First let's look at the infinity norm, $\| g \|_\infty = \max_{x\in[0,1]} |g(x)|$.
Claim: In the $C[0,1], \|\cdot\|_\infty$ metric space, if a sequence of functions $(g_n)$ converges to $g$, then at each $x \in [0,1]$, the sequence $g_n(x)$ converges to $g(x)$.
Proof: Let $g_n \in C[0,1]$ be a sequence of functions which converges to a function $g \in C[0,1]$, and let $x$ be any arbitrary point in $[0,1]$. Given a real $\epsilon > 0$, by convergence of $(g_n)$ to $g$, there is a natural $N$ such that
$$ n > N \implies \|g_n - g\|_\infty < \epsilon \iff \max_{t\in[0,1]} |g_n(t)-g(t)| < \epsilon $$
By the definition of $\max$, $|g_n(x)-g(x)| \leq \max_{t\in[0,1]}|g_n(t)-g(t)| < \epsilon$. Since this $N$ exists for every $\epsilon > 0$, this has proved that $\lim_{n \to \infty} g_n(x) = g(x)$.
So if $(f_n)$ converges to a function $f$, then for every $x$ we must have $f(x) = \lim_{n \to \infty} f_n(x)$, and $f$ must be the function
$$ f(x) = \begin{cases} 0 & x<1 \\ 1 & x=1 \end{cases} $$
Since this function is not continuous, it's not possible that $(f_n)$ converges to a function in $C[0,1]$. In other words, $(f_n)$ is not convergent.

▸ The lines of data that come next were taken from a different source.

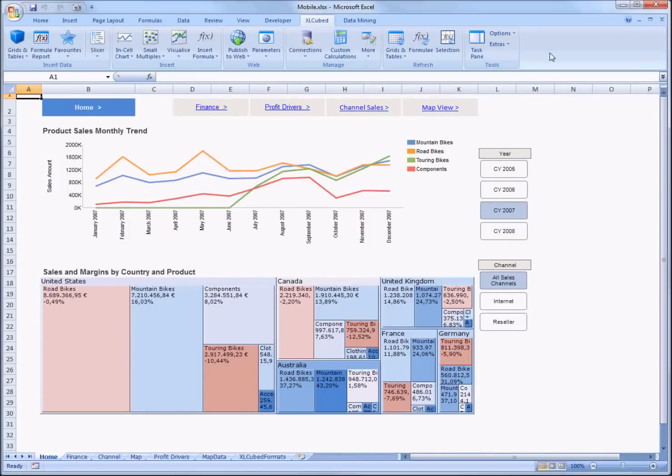Hi and thanks for taking a look at our videos. Today I'm going to show you how easy it is to publish your Excel cubed reports and dashboards directly and seamlessly into SharePoint.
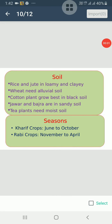Students, the soil of a particular place and season affect the growth and development of crops. Let us see how soil and seasons affect the growth.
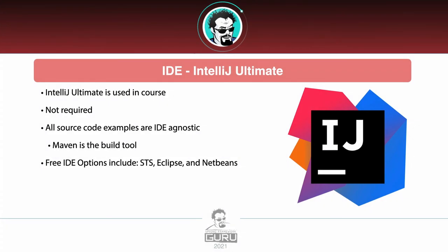Now for the source code examples, I do use IntelliJ Ultimate. This is going to be used throughout the course, but it is not a requirement. You do not need IntelliJ Ultimate to go along with code examples. I develop everything to be IDE agnostic, meaning it doesn't matter what IDE or any IDE that you use.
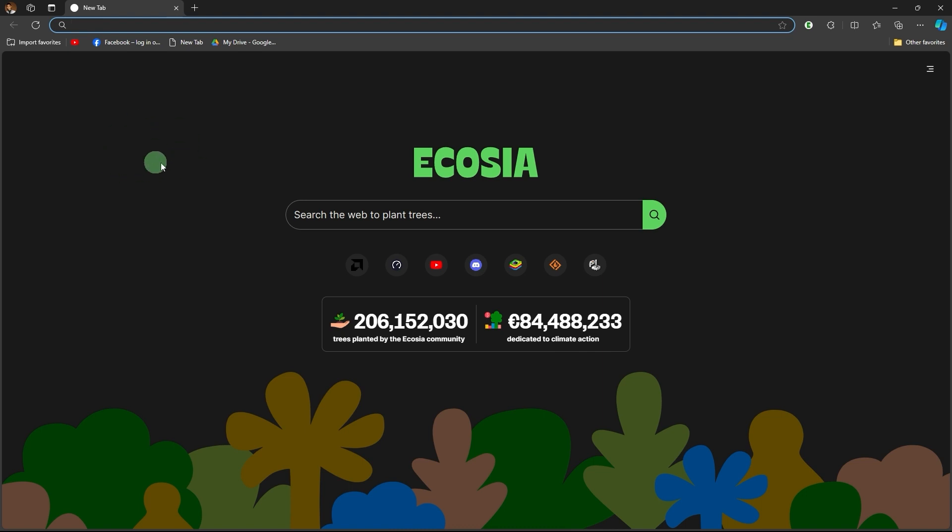Exporting chat conversations from Microsoft Teams can be a useful way to save records of your discussions for compliance, reporting, or archival purposes.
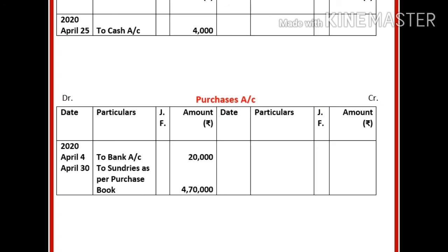So this is how you post transactions from journal to Ledger, and how you total and balance the Ledger accounts. In the next module, we will study about preparation of trial balance. Till then, good day to all of you.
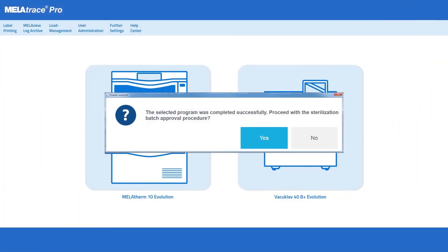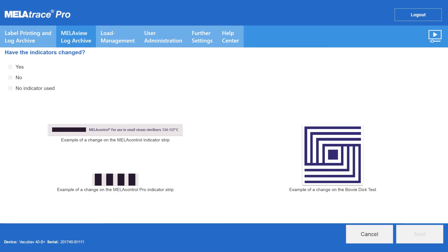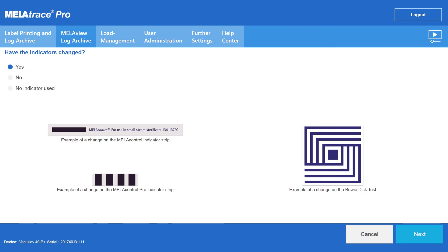The instrument decontamination process ends with approval and labelling. To do so, document the result of the batch indicator and then provide the batch with approval.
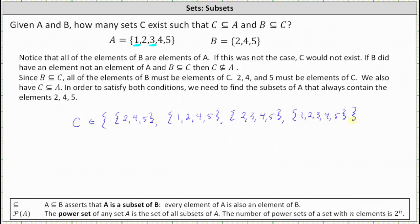So there are a total of four possible sets C. For each of these four sets, C is a subset of A and B is a subset of C. So there are four possible sets C.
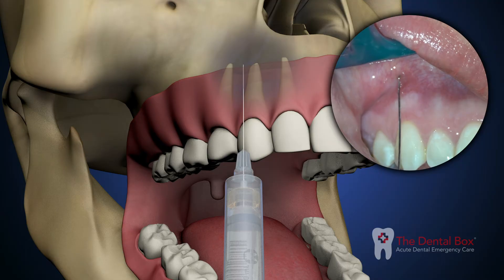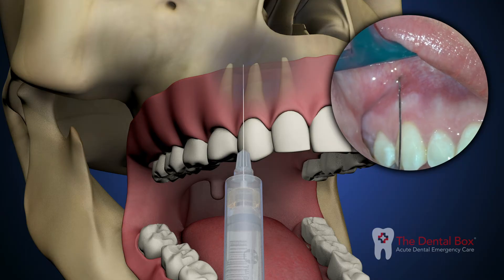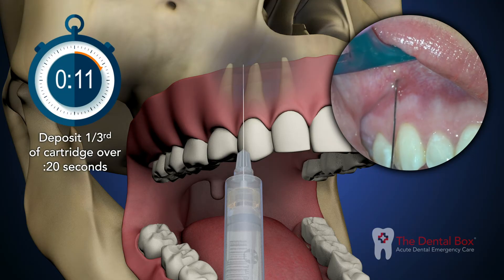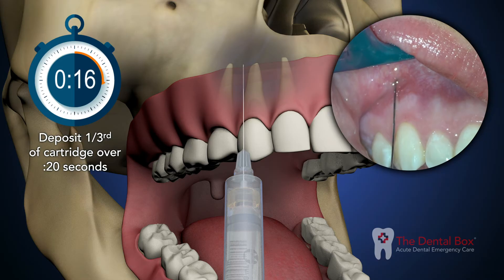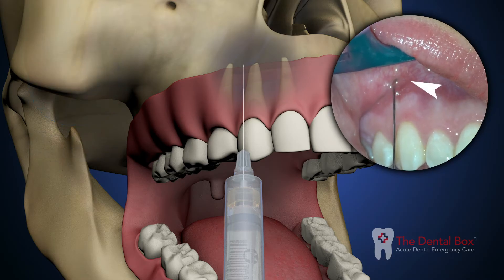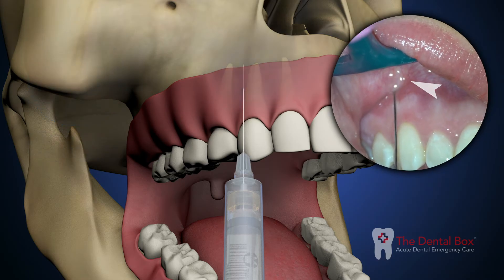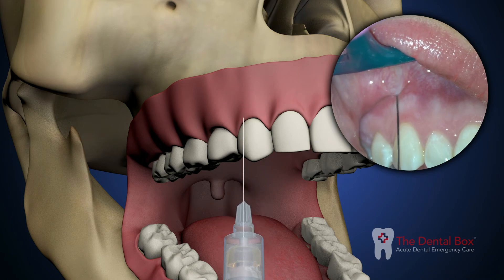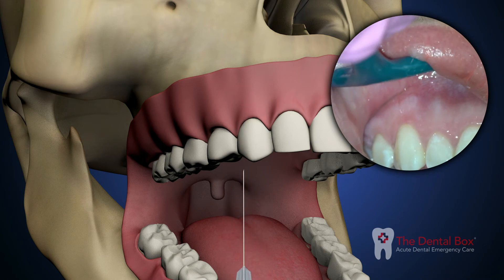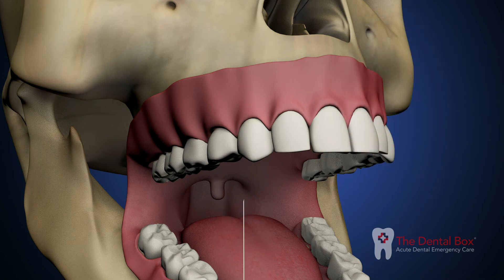Aspirate the syringe. If negative, deposit one-third of a cartridge over 20 seconds. Tissues at the injection site may balloon slightly. Withdraw the syringe and cap the needle. Pulpal and soft tissue anesthesia is achieved in about three to five minutes.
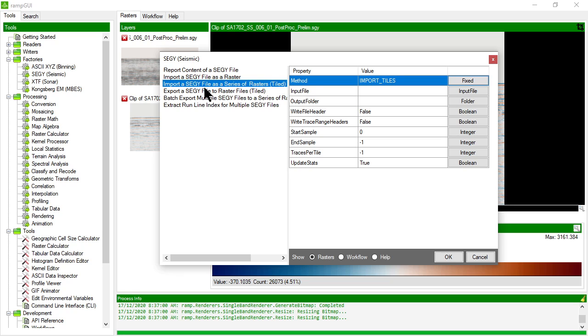So in this case, it's useful for when I have a really, really long SegWi file and I want to break it into separate sections. So I might want trace 0 to 2,000 and then 2,000 to 4,000, 4,000 to 8,000, etc.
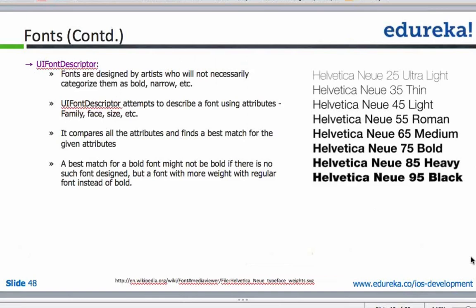For you to be able to leverage these cool fonts, Apple lets you do that by giving you the UI font descriptor method. You can compare all the attributes and find the best match for a given set of attributes. UI font descriptor tries to describe a particular font using attributes like the font family, the font face, or the font size.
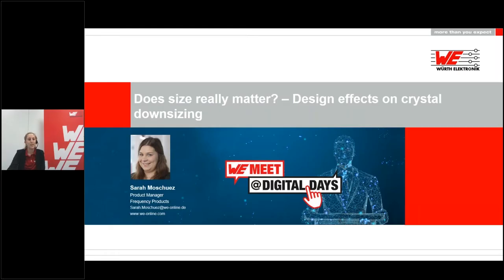Hello everyone and welcome to We Meet at Digital Days. My name is Marie-Therese Kohl and I will moderate this presentation. We are very pleased that you took the time to participate in our virtual conference. The topic of this presentation is Does Size Really Matter? Design Effects on Crystal Downsizing. Our speaker is Sarah Moschütz.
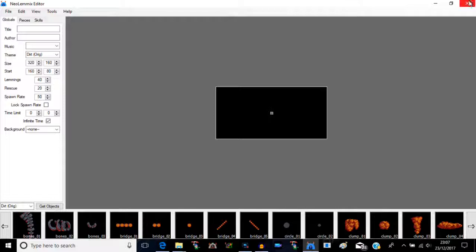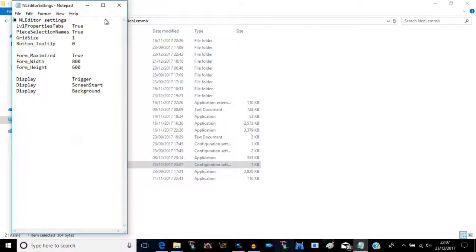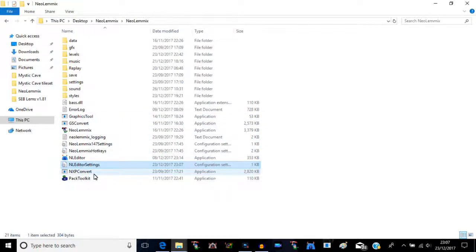Here's the editor — that just launches the editor but I'll do the editor another time. The NeoLemix editor settings: I haven't really messed about with this one, but if you change any of the 'trues' to 'falses' I think things would start disappearing in the NeoLemix editor, so I wouldn't recommend messing with this file.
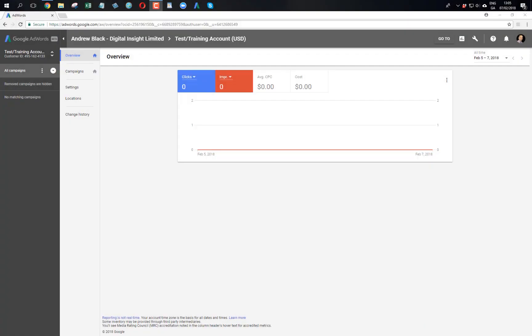Hi, it's Andy Black here. In this video I'm going to go through how to do a bit of keyword research and how I would categorize the keywords that I download into segments of keywords that I may create campaigns for or ad groups for.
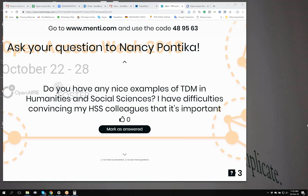Is there any other curiosity or question from the audience? Are you already familiar with TDM or is this the first time you are hearing about it? And I have a question for Nancy: what is the most strange question that people usually ask you about TDM? TDM is kind of a mysterious thing for most people, even those dealing with open science and open access.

Now look at the $1$-norm, $\|g\|_1 = \int_0^1 g(x)\, dx$. We know that the value of an integral does not change if the value of the integrand function changes at a finite number of points. So although the pointwise limit of $(f_n)$ is not continuous, there's a similar function which is "mostly equal to" the pointwise limit: the constant function $f(x)=0$. To check whether $(f_n) \to f$, we can explicitly evaluate the limit of the difference:
$$ \begin{align*}
\lim_{n \to \infty} \|f_n-f\| &= \lim_{n \to \infty} \int_0^1 (f_n(x)-f(x))\, dx \\
&= \lim_{n \to \infty} \int_0^1 (x^n-0)\, dx \\
&= \lim_{n \to \infty} \left(\frac{1^{n+1}}{n+1} - \frac{0^{n+1}}{n+1}\right) \\
&= \lim_{n \to \infty} \frac{1}{n+1} \\
\lim_{n \to \infty} \|f_n-f\| &= 0
\end{align*} $$
So yes, in the $C[0,1],\|\cdot\|_1$ metric space, $(f_n)$ converges to the zero function.